** Task goal **
Everything in the records below must be repeated exactly, except the pictures.
*** Opening Data for processing ***
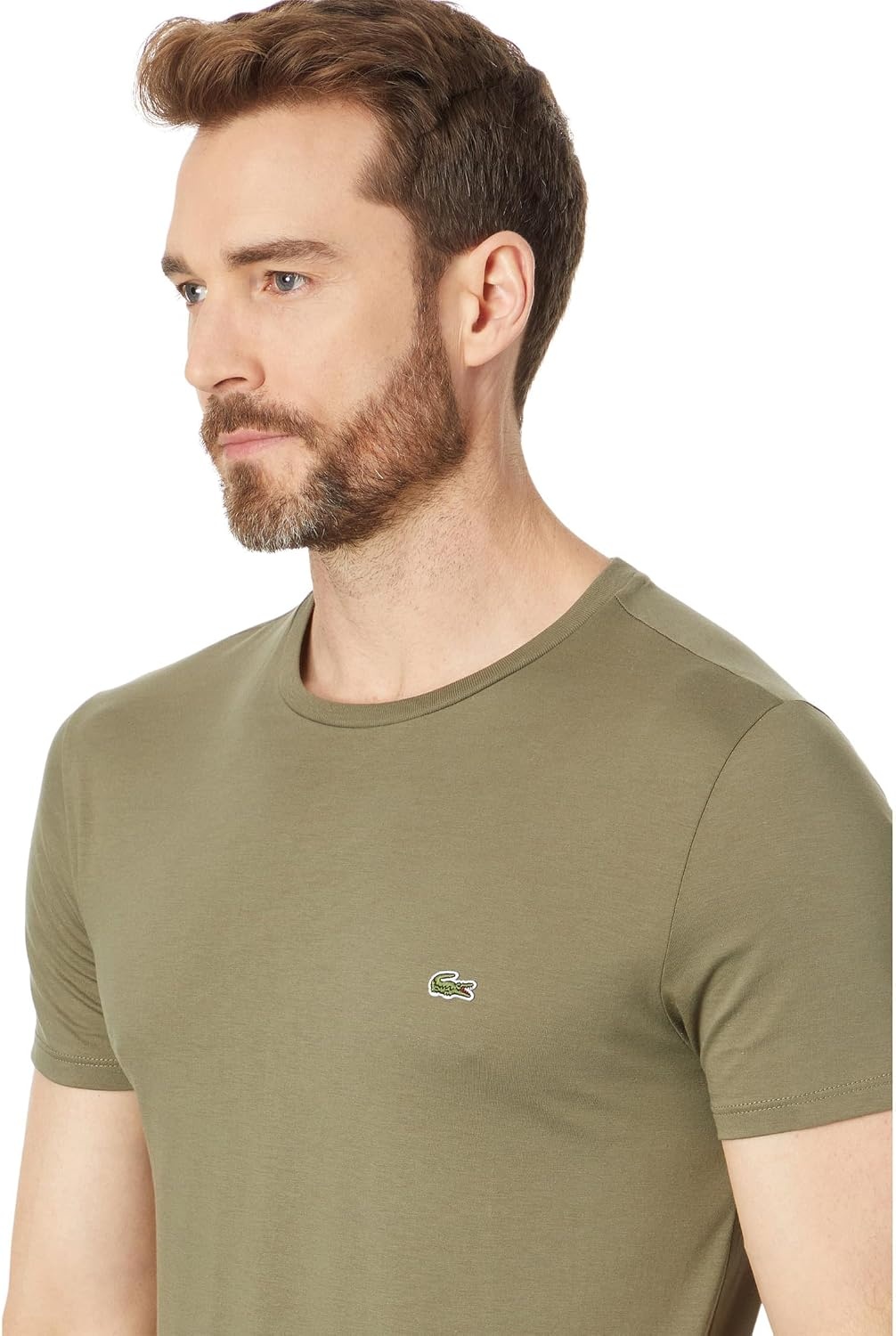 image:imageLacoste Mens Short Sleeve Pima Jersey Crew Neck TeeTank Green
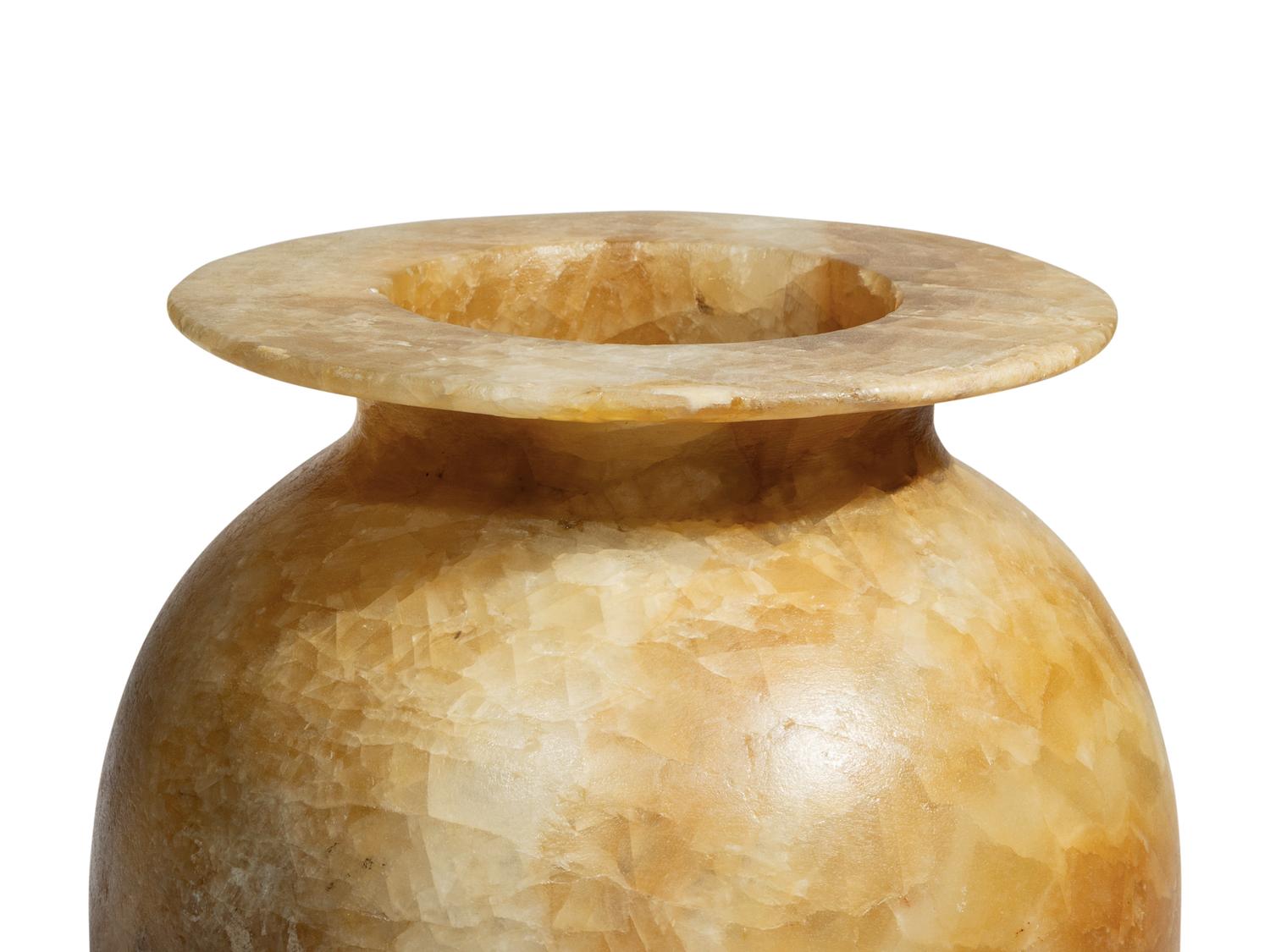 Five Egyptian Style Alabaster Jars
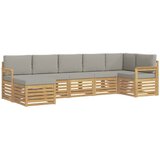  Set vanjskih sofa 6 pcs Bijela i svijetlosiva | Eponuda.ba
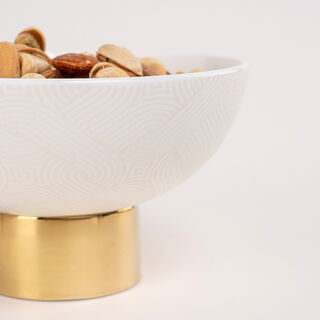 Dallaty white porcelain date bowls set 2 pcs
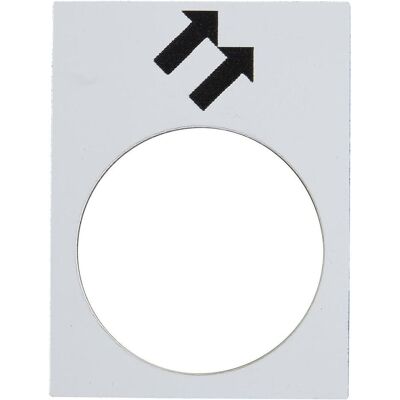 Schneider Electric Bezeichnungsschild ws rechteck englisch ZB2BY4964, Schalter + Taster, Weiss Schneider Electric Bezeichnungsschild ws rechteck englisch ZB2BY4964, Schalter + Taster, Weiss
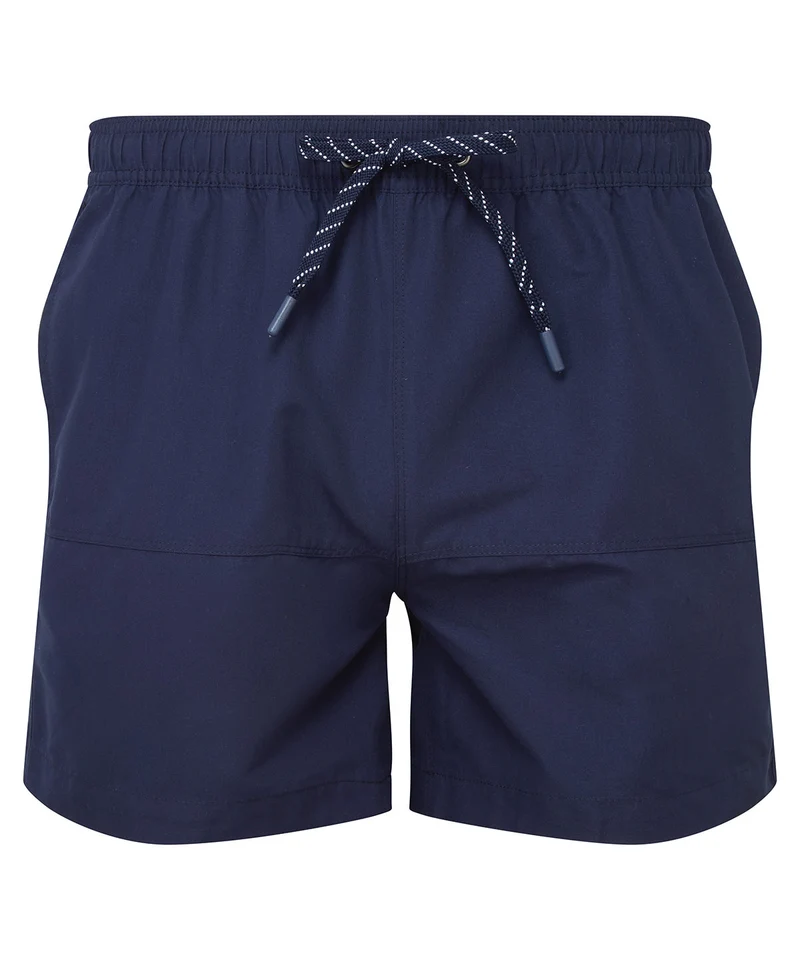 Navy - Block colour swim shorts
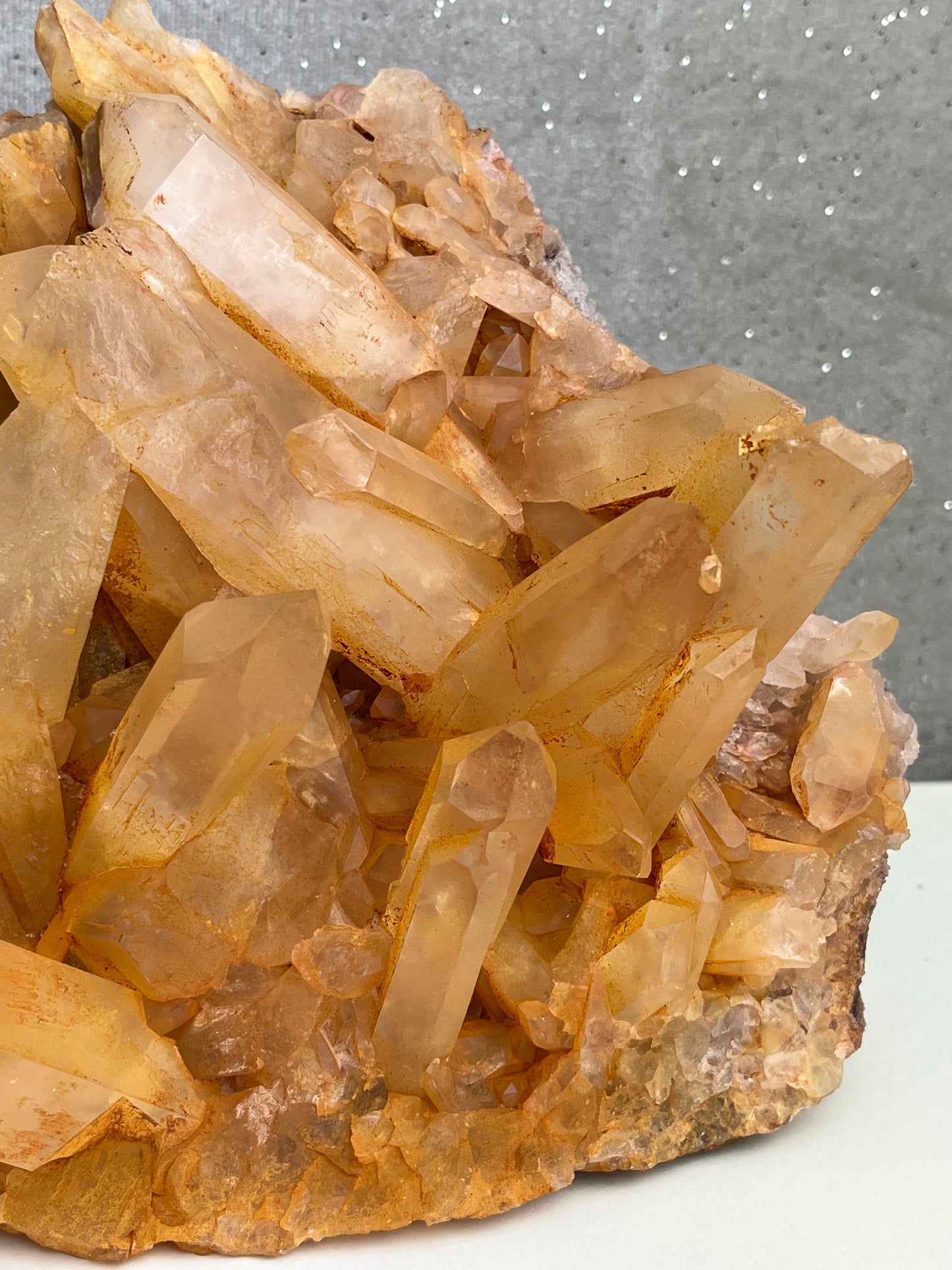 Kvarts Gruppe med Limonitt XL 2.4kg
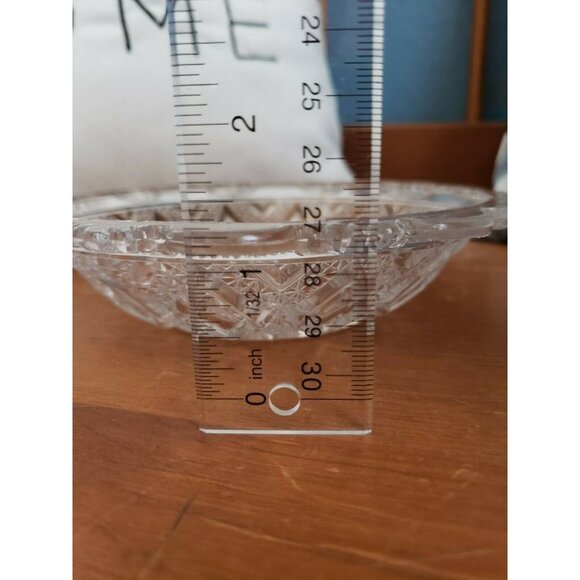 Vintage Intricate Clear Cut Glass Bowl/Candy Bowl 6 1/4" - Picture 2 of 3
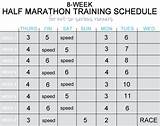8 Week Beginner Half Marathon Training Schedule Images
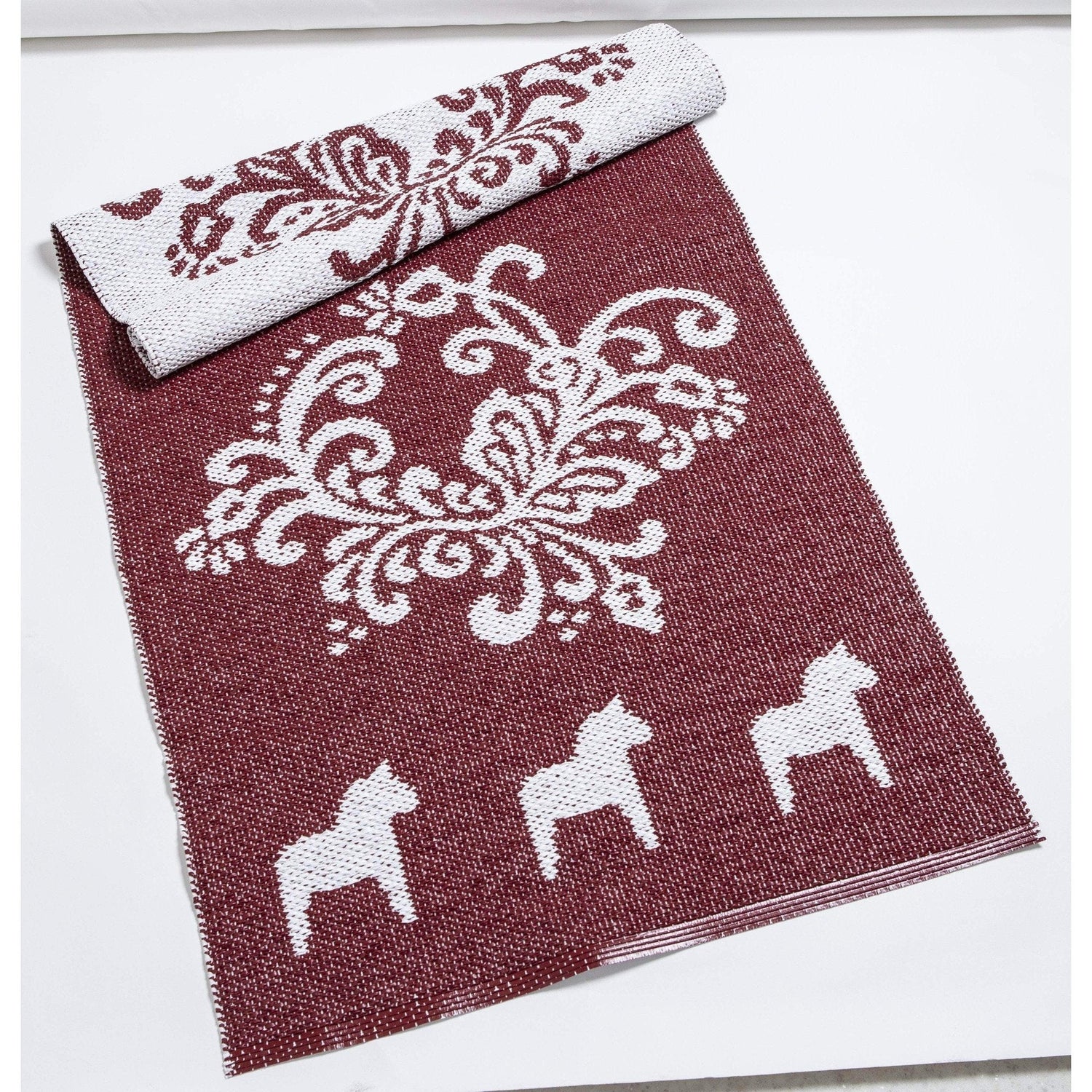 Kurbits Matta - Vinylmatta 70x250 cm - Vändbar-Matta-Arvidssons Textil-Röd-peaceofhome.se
*** Closing Data for processing ***
** Task response **
 image:imageLacoste Mens Short Sleeve Pima Jersey Crew Neck TeeTank Green
 Five Egyptian Style Alabaster Jars
  Set vanjskih sofa 6 pcs Bijela i svijetlosiva | Eponuda.ba
 Dallaty white porcelain date bowls set 2 pcs
 Schneider Electric Bezeichnungsschild ws rechteck englisch ZB2BY4964, Schalter + Taster, Weiss Schneider Electric Bezeichnungsschild ws rechteck englisch ZB2BY4964, Schalter + Taster, Weiss
 Navy - Block colour swim shorts
 Kvarts Gruppe med Limonitt XL 2.4kg
 Vintage Intricate Clear Cut Glass Bowl/Candy Bowl 6 1/4" - Picture 2 of 3
8 Week Beginner Half Marathon Training Schedule Images
 Kurbits Matta - Vinylmatta 70x250 cm - Vändbar-Matta-Arvidssons Textil-Röd-peaceofhome.se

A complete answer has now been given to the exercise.